Heh. I once had to make an argument that 256 bit randomly assigned identifiers are good enough without explicit collision checking. People wanted me to add complex and expensive collision checks.

My argument was the 2^256 actually approaches the number of atom in the observable universe (within 1 to 3 orders of magnitude), and that collisions are so unlikely that we'll have millions of datacenter meltdowns first (all assuming we have a good source of random numbers, of course). In the end I convinced everybody that even 128 bits are good enough, without any collision checking required.

I thought my arguments was clever, but this is so much better. :)

discuss

order

da_chicken|12 days ago

Nah, it's much easier than that.

The total amount of computer data across all of humanity is less that 1 yottabyte.
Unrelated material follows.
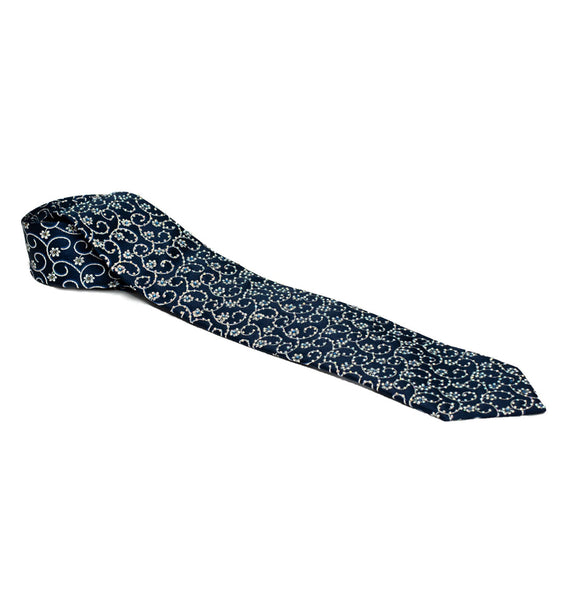 Blue Vine Floral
We're expected to reach 1 yottabyte within the next decade, and will probably do so before 2030. That's all data, everywhere, including nation-states.

The birthday paradox says that you'll reach a 50% chance of at least one collision (as a conservative first order approximation) at the square root of the domain size. sqrt(2^256) is 2^128.

Now, a 256 bit identifier takes up 32 bytes of storage. 2^128 * 32 bytes = 10^16 yottabytes. That's 10 quadrillion yottabytes just to store the keys. And it's even odds whether you'll have a collision or not.

And if the 50% number scares them, well, you'll have a 1% chance of a collision at around... 2^128 * 0.1. Yeah, so you don't reach a 1% over the whole life of the system until you get to a quadrillion yottabytes.

Because you're never getting anywhere near the square root of the size, the chances of any collision occurring are flatly astronomical.

nextaccountic|12 days ago

If the mechanism for generating those 256 random bits is distributed and untrusted parties generate ids, then you need collision detection because they may be malicious

If it's not distributed you can just have a counter

If it's distributed but coordinated by a single party (say, it's your servers), you can do sharding on incremented counters. Like, every server are assigned a region of ids

linuxhansl|11 days ago

In this case it was distributed without our data centers (10k's machines or so at that time spread around the planet), but the code to generate ids was 100% under our control. Rather than inventing some distributed generation (or collision detection), a stateless approach with random numbers just seemed the right choice.